= Brief descriptive captions =
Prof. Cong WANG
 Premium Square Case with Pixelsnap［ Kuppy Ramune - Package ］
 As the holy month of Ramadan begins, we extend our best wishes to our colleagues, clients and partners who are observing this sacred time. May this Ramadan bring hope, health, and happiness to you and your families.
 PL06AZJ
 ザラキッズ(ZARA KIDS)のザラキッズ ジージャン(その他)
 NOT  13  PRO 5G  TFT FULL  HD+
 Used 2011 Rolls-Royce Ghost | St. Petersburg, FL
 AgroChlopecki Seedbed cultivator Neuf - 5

= Task details =
Copy all the entries verbatim.

= Written answer =
Prof. Cong WANG
 Premium Square Case with Pixelsnap［ Kuppy Ramune - Package ］
 As the holy month of Ramadan begins, we extend our best wishes to our colleagues, clients and partners who are observing this sacred time. May this Ramadan bring hope, health, and happiness to you and your families.
 PL06AZJ
 ザラキッズ(ZARA KIDS)のザラキッズ ジージャン(その他)
 NOT  13  PRO 5G  TFT FULL  HD+
 Used 2011 Rolls-Royce Ghost | St. Petersburg, FL
 AgroChlopecki Seedbed cultivator Neuf - 5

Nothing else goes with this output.